What explains the excessive valuation of Jefferies by  Leucadia National Corporation of 1.2 times the firm's tangible book value?  Consider the fact that the stock market values
Goldman at 0.9 times its tangible book value. Investors are even less sanguine about Morgan Stanley, awarding it a price to book value of only 0.6 times.   There seems to be little reason for Jefferies to have a superior valuation. It has a credit rating of Baa3 from Moody's, three notches below Goldman's rating of A3. Jefferies is paying around 6.2 percent when it borrows for longer periods in the market, whereas Goldman is paying only 2.1 percent.
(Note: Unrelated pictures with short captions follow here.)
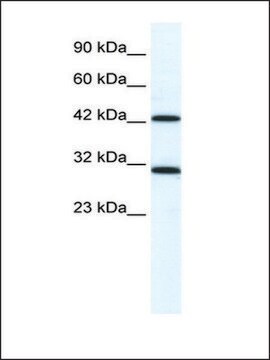 Anti-DDX39 antibody produced in rabbit IgG fraction of antiserum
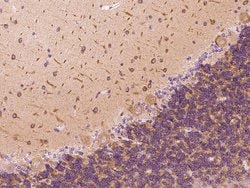 Invitrogen DYNC1LI1 Polyclonal Antibody 100 μL; Unconjugated:Antibodies,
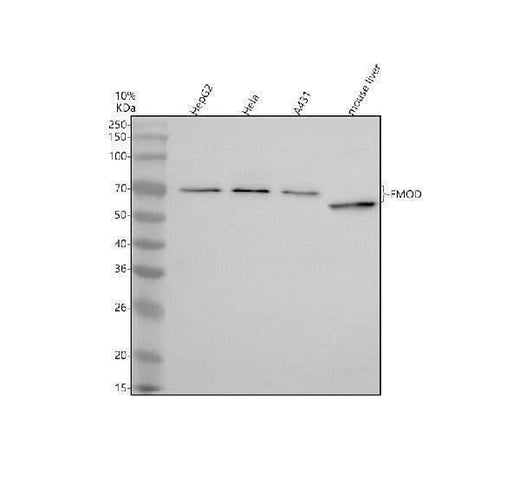 Anti-Fibromodulin/FMOD Antibody Picoband® Boster Bio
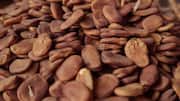 Tarwi beans: The nutty snack packed with protein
Solid credit ratings and a low cost of borrowing are critical for
investment banks, which rely on markets for their financing.

 

So what explains the valuation gap?

  • One theory is that the market is unduly pessimistic about the health of Morgan Stanley and Goldman. The companies' valuations have actually improved as their stock
    prices have risen. That could continue until they trade about tangible book, especially if global markets
    continue to stabilize, economic growth strengthens and the uncertainty surrounding new Wall Street regulations lifts.
  • The alternative view is that the market doesn't like the size and complexity of Goldman and Morgan Stanley, which also have higher leverage than smaller investment banks.

 

While theories can predominate, I believe that there are two reasons for the high valuation.  First, Leucadia wanted to buy Jefferies and the price was reasonable.  Even at the lower
multiple, both Goldman and Morgan would fetch prices that were a multiple higher than that which Jefefries was sold.  Second, the Street does  not know how to value
a large complex investment bank.  Years ago, Salomon brothers which owned oil refineries from its Phibro merger, was valued at a level below the book value of the refineries.  Analysts said that the difficulty of valuing the investment bank depressed the value of the entire enterprise.